▶ **What the exercise asks**: The line that contains "1600 Longhorn Ranch DR, Leander, TX 78641" marks the end: retype the data below exactly from its first line through that line.

(Stored items from a collection)
________________________
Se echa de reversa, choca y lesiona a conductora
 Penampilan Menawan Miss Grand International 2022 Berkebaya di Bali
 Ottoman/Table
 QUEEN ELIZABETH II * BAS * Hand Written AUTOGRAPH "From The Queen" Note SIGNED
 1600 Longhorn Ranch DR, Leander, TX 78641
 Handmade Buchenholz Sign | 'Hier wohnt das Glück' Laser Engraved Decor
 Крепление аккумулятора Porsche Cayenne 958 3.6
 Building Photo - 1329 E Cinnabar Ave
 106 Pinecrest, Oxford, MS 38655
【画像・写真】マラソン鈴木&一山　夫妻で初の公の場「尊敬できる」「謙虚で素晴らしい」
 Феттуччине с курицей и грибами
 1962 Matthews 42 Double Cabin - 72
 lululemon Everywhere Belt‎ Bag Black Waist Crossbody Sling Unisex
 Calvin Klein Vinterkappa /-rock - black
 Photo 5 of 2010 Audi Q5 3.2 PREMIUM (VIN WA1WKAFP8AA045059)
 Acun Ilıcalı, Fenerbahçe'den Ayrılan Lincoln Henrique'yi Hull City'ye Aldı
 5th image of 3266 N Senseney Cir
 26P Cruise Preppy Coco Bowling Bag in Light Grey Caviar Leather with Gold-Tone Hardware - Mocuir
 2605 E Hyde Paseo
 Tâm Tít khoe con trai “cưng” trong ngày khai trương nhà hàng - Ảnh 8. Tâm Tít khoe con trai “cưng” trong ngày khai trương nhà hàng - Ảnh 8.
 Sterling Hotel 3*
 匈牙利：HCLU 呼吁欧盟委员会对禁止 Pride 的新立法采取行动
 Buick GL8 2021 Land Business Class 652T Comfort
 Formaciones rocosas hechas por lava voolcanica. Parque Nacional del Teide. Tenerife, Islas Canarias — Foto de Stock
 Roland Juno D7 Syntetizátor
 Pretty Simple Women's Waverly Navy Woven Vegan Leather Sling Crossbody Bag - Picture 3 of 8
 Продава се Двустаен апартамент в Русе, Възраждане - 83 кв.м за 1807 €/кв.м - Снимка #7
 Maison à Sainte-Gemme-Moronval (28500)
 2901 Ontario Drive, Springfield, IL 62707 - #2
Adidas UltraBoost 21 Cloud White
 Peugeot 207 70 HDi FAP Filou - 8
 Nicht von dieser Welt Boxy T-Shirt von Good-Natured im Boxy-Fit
________________________
▶ **Exercise output**:
Se echa de reversa, choca y lesiona a conductora
 Penampilan Menawan Miss Grand International 2022 Berkebaya di Bali
 Ottoman/Table
 QUEEN ELIZABETH II * BAS * Hand Written AUTOGRAPH "From The Queen" Note SIGNED
 1600 Longhorn Ranch DR, Leander, TX 78641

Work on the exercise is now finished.